Risk-Sharing Dynamics. Although the underwriter diligence process in some ways parallels the lender diligence process in a leveraged transaction (e.g., the tight diligence timeline and the sharing of diligence materials on non-reliance basis), the risk-sharing dynamics are quite different in the underwriter diligence context. Lenders are generally accepting of a buyer’s decision to limit the scope of its diligence review, as the lender is protected by its higher position in the capital structure vis-à-vis the equity-holding buyer, and so the buyer is properly incentivized to analyze material diligence issues given that it bears the primary risk for issues not uncovered. In contrast, in a transaction using a representations and warranties policy, the underwriter bears the primary risk for issues not uncovered in due diligence, and so an underwriter will be highly focused on the quality and depth of the diligence review conducted by the buyer. Failure to look into a material issue may result in the underwriter insisting upon a deal-specific exclusion for claims related directly to that issue.
Dealing with Diligence-Based Exclusions. Inevitably, the diligence process will uncover some issues that will be excluded from coverage under the policy—whether due to the fact that any known risks are automatically excluded from coverage, or because the underwriter is uncomfortable with a risk due to an insufficient diligence review (in the opinion of the underwriter) or an ambiguity in the diligence findings. This often results in the need for buyers and sellers to address these carve-outs at a very late stage in the negotiation, likely only days before signing the definitive acquisition agreement. There are myriad ways for buyers and sellers to solve such issues, e.g., special indemnities, separate escrows, etc., and such solutions will depend upon the particular facts at hand, but as a general matter, buyers and sellers should anticipate the need to address quickly such issues late in the process.
The Insurance Framework
The policy form usually is finalized concurrently with the underwriter due diligence process.
As a starting point, the insuring agreement of the typical policy obligates the insurer to pay on behalf of the insured “Loss” on account of a “Claim” for the “Breach” of any of the designated representations and warranties in the acquisition agreement. From here, coverage is tailored to the specific transaction based upon the definitions of key terms, and policy conditions and exclusions.
The definition of Loss (sometimes referred to instead as “Net Provable Damages”) describes the damages that the policy will cover, and some that it will not. In general, covered Loss should be defined to encompass the damages that the buyer would be entitled to under the acquisition agreement. But the insurer may propose initially a definition that carves out key categories of damages, as discussed below.
Consistent with the term “representations and warranties insurance,” a Breach is the failure or inaccuracy of any representation or warranty contained in the acquisition agreement. In contrast, covenants are not insured, and neither are post-transaction price adjustments or earn-outs based upon future revenue targets or other metrics.

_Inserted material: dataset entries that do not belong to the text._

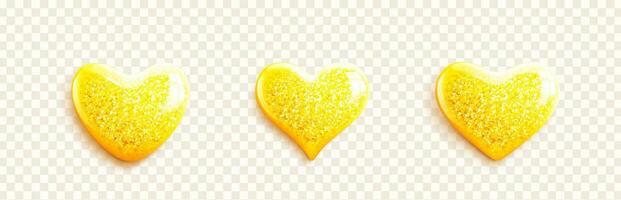 uppsättning av glansig gyllene 3d hjärta ikoner med glitter. gul realistisk hjärtan. kärlek symbol för hälsning kort, banderoller för hjärtans dag. vektor illustration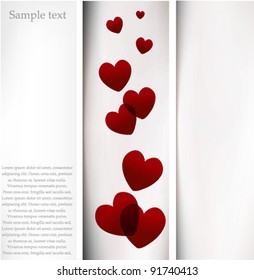 Romantic vector paper background with hearts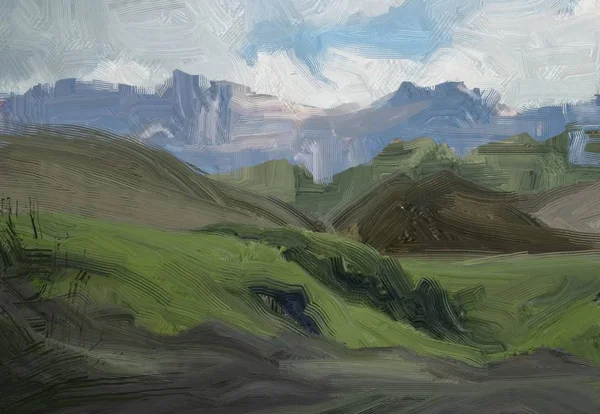 Colorato Campo Campagna Verde Erba Ora Legale Illustrazione Pittura Olio — Foto Stock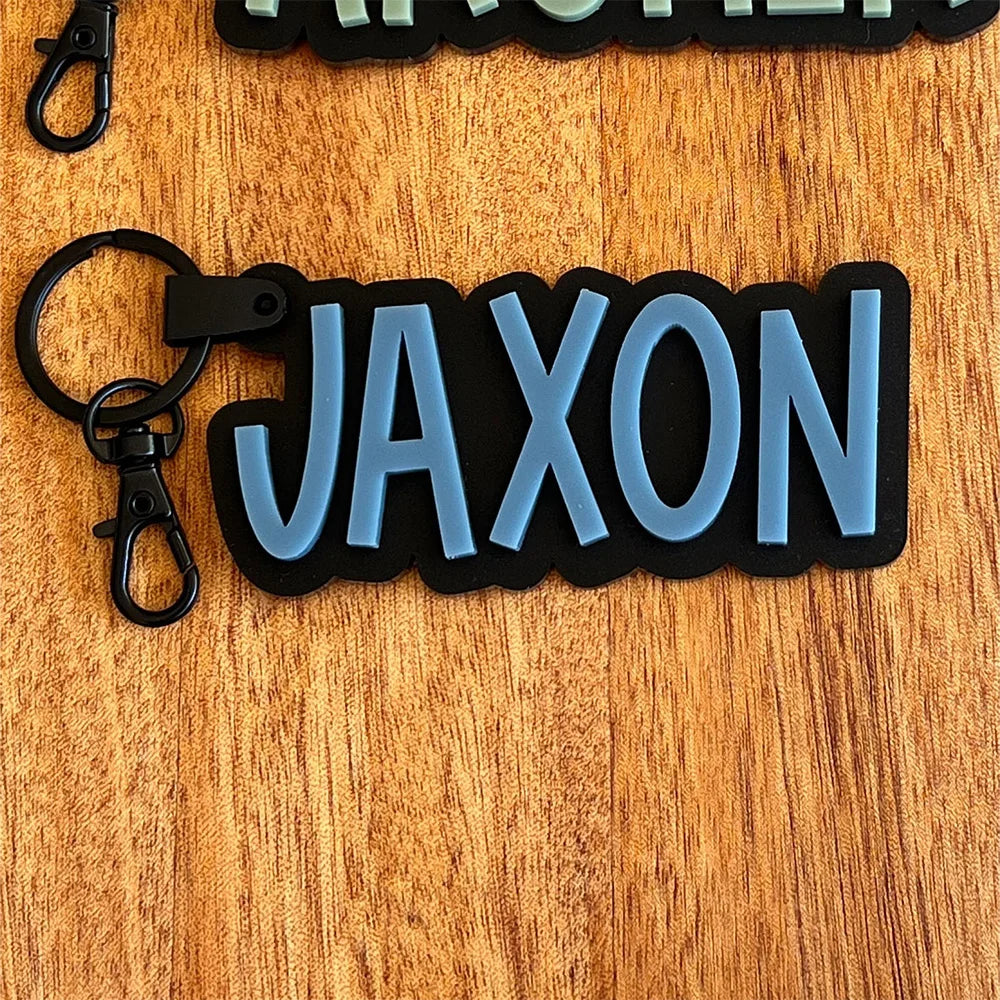 Custom Acrylic Fall/Winter Keychain // Matte Black Luggage Tag | Acrylic Name Tag | Key Ring | Personalized Keychain | Boys' Bac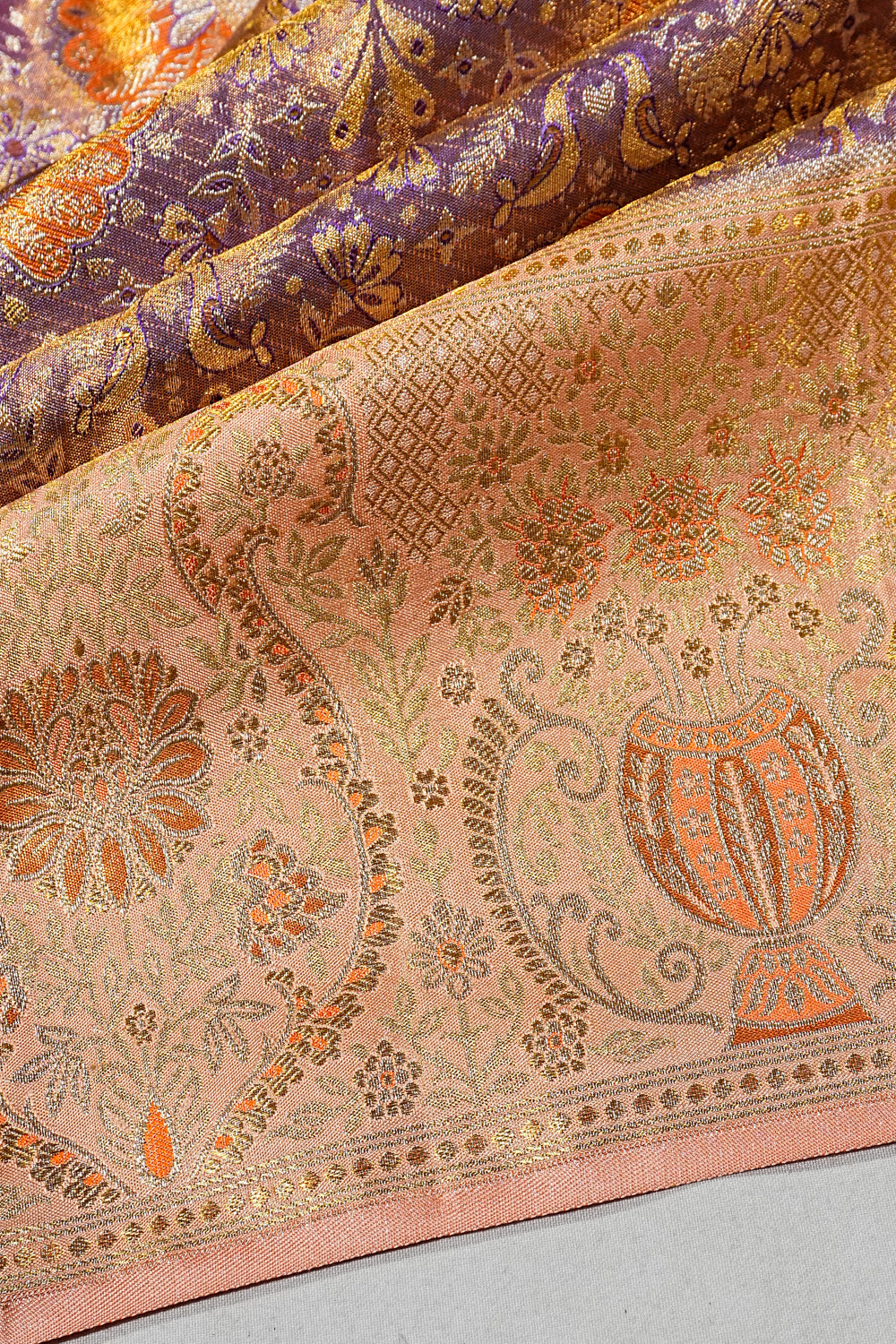 Kanchipuram Silk Tissue Brocade Purple Saree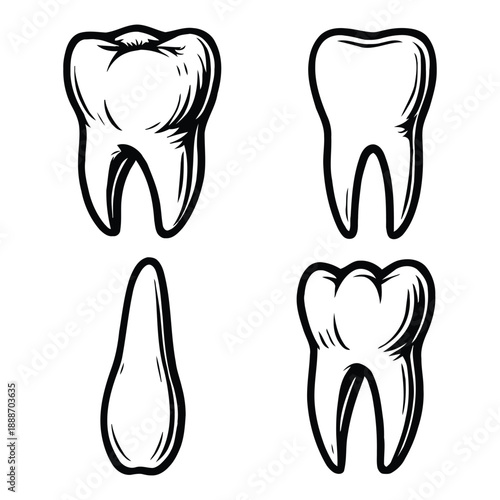 Human teeth icons for dental care and oral hygiene concepts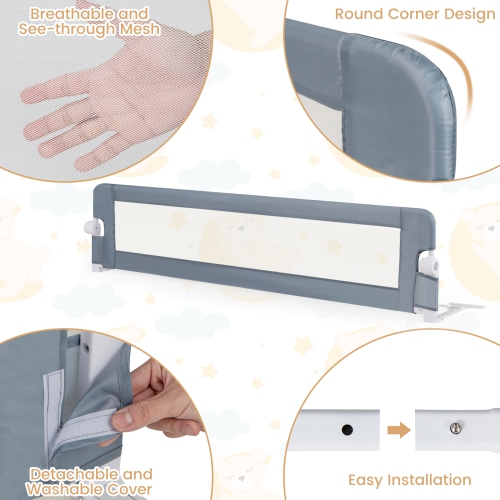 Gymax 2PCS 71'' Toddler Foldable Bed Rail w/ Adjustable Safety Strap Bedrail Guard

Insurers usually require the parties to share some liability in the event of a Breach, typically in the range of 1–2.5 percent of the transaction value. This “retention” can vary depending upon the deal holdback negotiated by the parties (among other factors), but in a transaction where the seller has escrowed a portion of its proceeds to secure its indemnification obligations, the retention is often an amount equal to twice the amount of the seller’s initial escrow. Once the escrowed funds are released to the seller pursuant to the terms of the acquisition agreement, there is a corresponding reduction in the retention (taking into account both the amount of the escrowed funds released to the seller and the amount of any escrow payments previously made by the seller to the buyer). This structure avoids an unanticipated “gap” in the buyer’s protection.
Opportunities for Improvement
Many of the key policy provisions are negotiable, some for payment of additional premium but many at no cost to the insured. Insureds should inquire about potential coverage enhancements, including the following:
Diminution in Value/Multiplied Damages. Some policies restrict the definition of Loss to exclude the diminished value of the target company due to the Breach, including damages calculated by using any multiple on which the purchase price was based, such as earnings, revenue, etc. This is a significant limitation on coverage that should be removed if possible. Some insurers may require a small increase in premium to do so.
Consequential Damages. All policies include within Loss “actual” and “general” damages that flow naturally and directly from a Breach. But some policies expressly exclude from Loss “consequential” damages, which are reasonably foreseeable damages incurred due to the special circumstances of the buyer. This exclusion likely narrows the coverage from what the seller would have been required to indemnify, and usually is negotiable with the insurer. With respect to both this exclusion and that for diminution in value/multiplied damages or similar measures of damages, the underwriter is often willing to omit such express exclusions if the underlying acquisition agreement is likewise silent on the topic. On the other hand, if the acquisition agreement expressly excludes recovery for such categories of damages, then the policy will almost certainly exclude such damages as well.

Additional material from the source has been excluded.